Semisalkan dalam satu bidang tanah, di dalamnya ditanami berbagai jenis komuditas; ada porang, cengkeh, kopi, durian, coklat, rambutan, nanas, umbi-umbian, sawo, kroso dan masih banyak lagi.
Tentu cara merawatnya pun sangat susah, kosenstrasi pun pecah dan terbagi-bagi. Hal ini bila saya perhatikan justru menjadi anti-tesis dengan pola pertanian di Pulau Jawa, Bali hingga daerah-daerah lain.
Di mana para petani hanya bergelut dengan satu komuditas pertanian saja. Seperti kebun cengkeh di Munduk, Bali hingga perkebunan tebu di Malang, Jawa Timur. Perawatannya pun begitu intens dan tertata.
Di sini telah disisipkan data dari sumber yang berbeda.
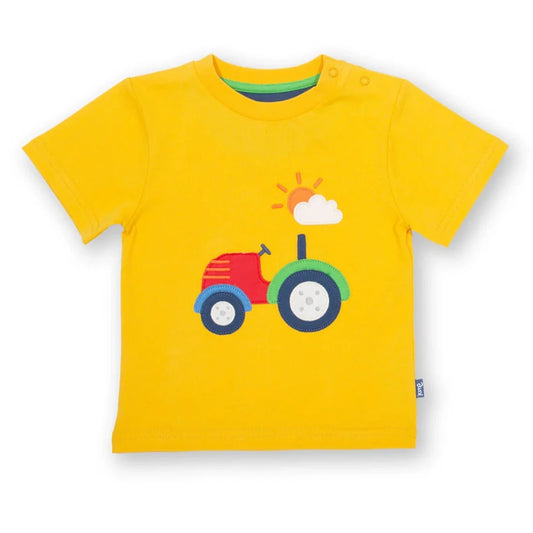 Yellow Tractor T-Shirt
Di sini, lebar sekali jurang perbedaan konsep pertaniannya.
Perlu Bimbingan
Kembali lagi ke ihwal Sumber Daya Manusia (SDM). Hemat saya perlu pencerahan konsep pertanian secara parsial.
Masyarakat tani di daerah saya sebenarnya etos kerjanya (bertani) sangat tinggi dan berdarah-darah. Kekurangan hanya satu, mengenai konsep pertanian ala masyarakat urban.
Siapa kira-kira agen penyuluhan dan tenaga pelatihannya? Saya kira disini kita tidak perlu menunggu wahyu langsung dari Tuhan dan mengetuk kesadaran pemerintah daerah untuk mulai bergerak dan mengedukasi.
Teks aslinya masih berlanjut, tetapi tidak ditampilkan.